For the $1 recognizer, a pen gesture consists of a sequence of (x, y) points; its task is to match this sequence against a collection of “template” gestures and provide a list of gestures that match most closely.
The first point in the sequence is where the pen first touched the tablet, and the others are samples of the pen’s position taken over time until it is lifted. These trace out some kind of more or less continuous curve on the display, but the position of each individual point along that curve is just a matter of how far the pen had gotten when the sampling clock fired.

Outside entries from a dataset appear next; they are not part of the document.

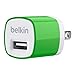 Belkin MiXiT Home and Travel Wall Charger with USB Port - 1 AMP / 5 Watt (Green)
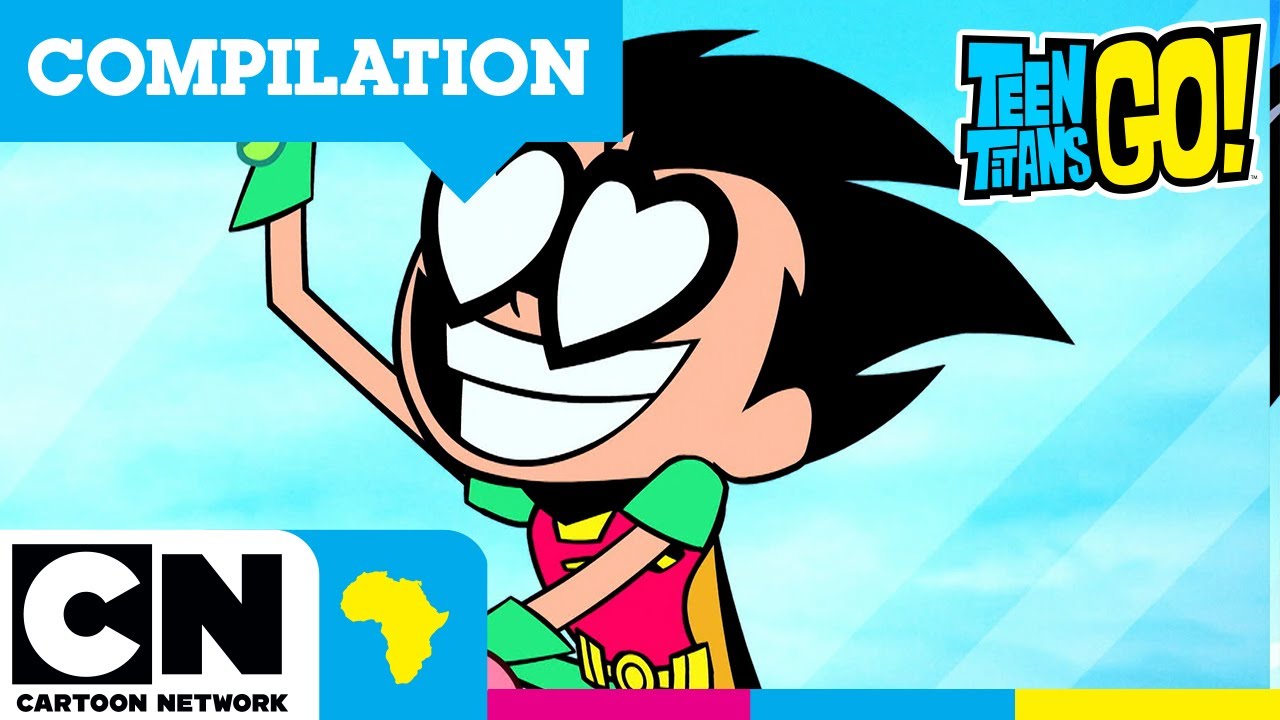 Robin & Starfire's Love l Teen Titans Go! l Cartoon Network Africa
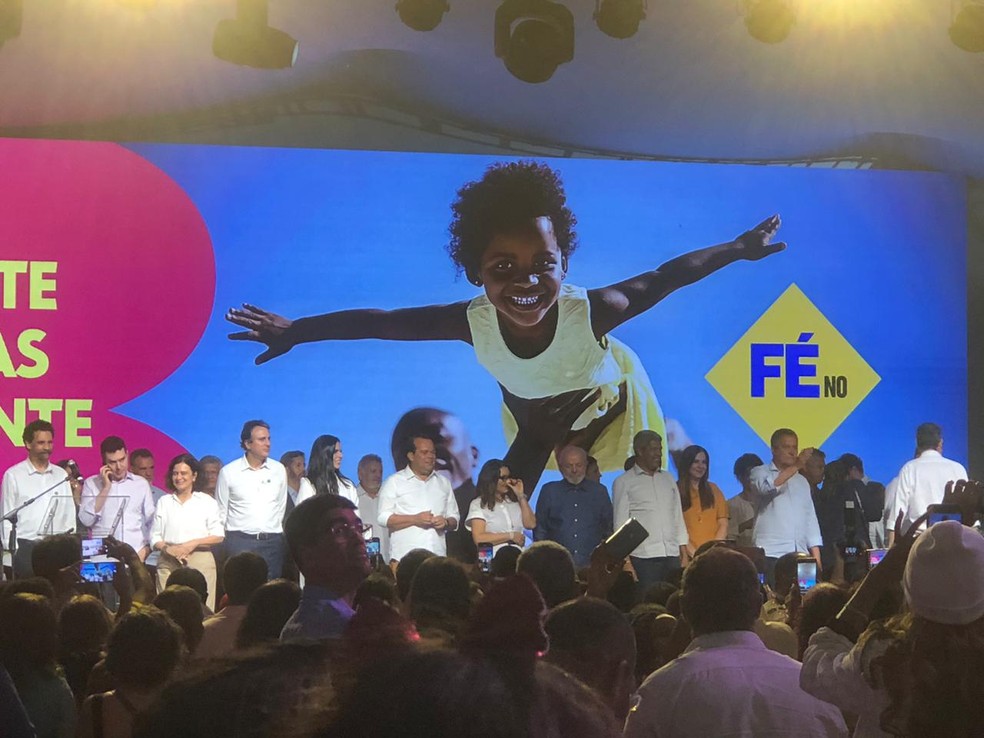 Lula anuncia investimentos do novo PAC na Bahia — Foto: João Souza / g1 BA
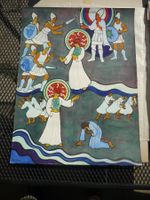 Ines Brunold Kirche Kunst Aquarell Offenbarung neu Testament
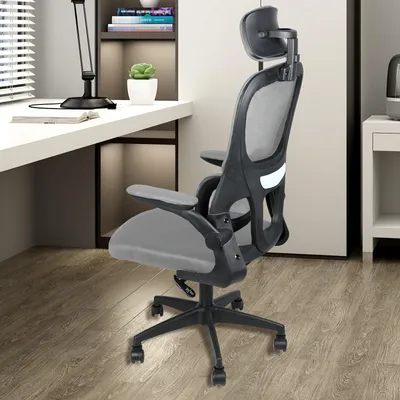 Produktbild von Bürostuhl - Schreibtischstuhl - Drehstuhl - Gaming-Stuhl - Bürostuhl mit Armlehnen - Ergonomische Lendenwirbelstütze
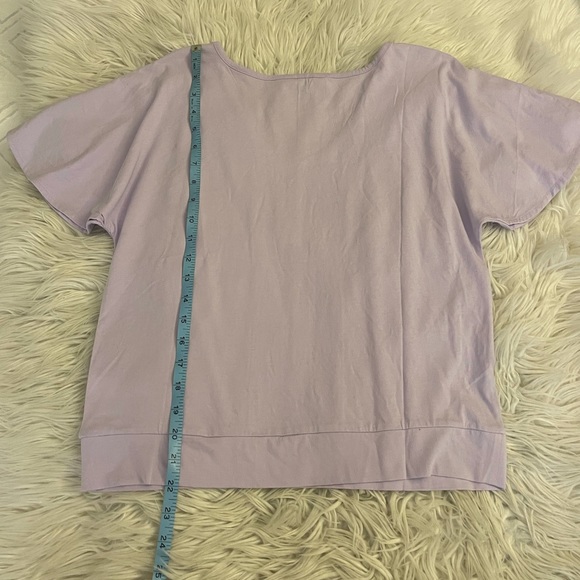 NWT | Banana Republic | Lavender Tee shirt - Picture 11 of 12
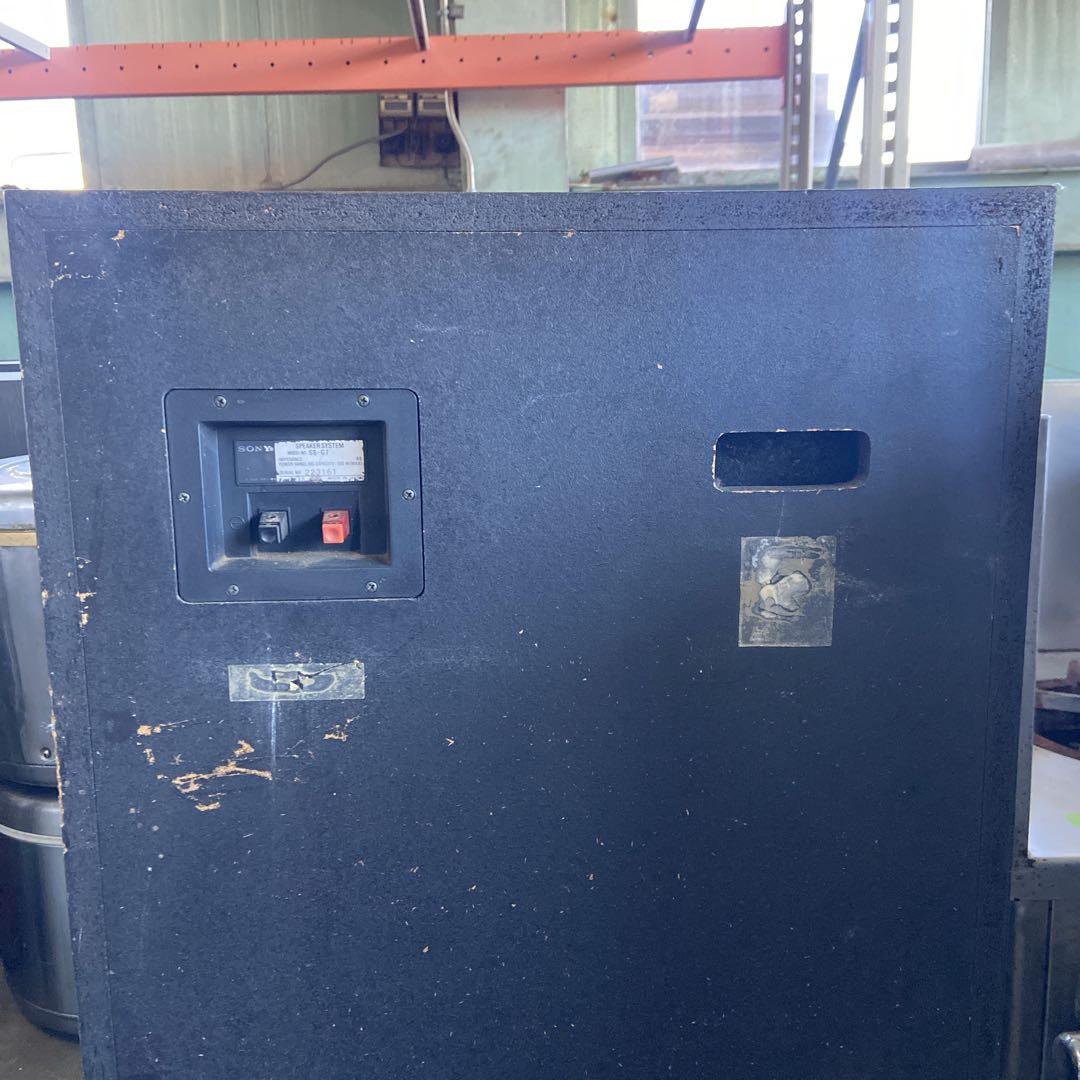 【ジャンク】SONY SS-G7 大型スピーカー　ペア　たのメル便発送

So, the first thing the algorithm does is resample the curve to a uniform point spacing, using a fixed, predetermined number of points that is the same for every gesture. They found that numbers in the range 64–256 worked best. The resampling algorithm they used is fairly naïve, just linearly interpolating between points. This step normalizes the drawing speed and the relative phase of the sampling clock and the drawing operations, so that exactly the same curve traced at different speeds will result in very nearly the same set of points.
People are also not absolutely precise about the angle, position, scale, and aspect ratio of their pen gestures, so the next steps in the algorithm are to try to normalize out these features. The points are rotated around their centroid so that the gesture starting point is at 0 degrees. The X and Y coordinates are then given independent affine transforms to fit them into a predefined 1×1 bounding box, thus eliminating variations of position, scale, and aspect ratio. Finally, this normalized sequence of points is compared against each (normalized) template by calculating the average Euclidean distance between corresponding points — not once, but with a series of different candidate rotations using golden-section search, based on their observation that the rotation-distance function had no local minima on correct matches.
Remarkably, they reported 99% accuracy on a vocabulary of 16 unistroke symbols in their tests, varying very little with stroke speed; the fastest strokes were around half a second, so this amounts to around 8 bits per second of input bandwidth.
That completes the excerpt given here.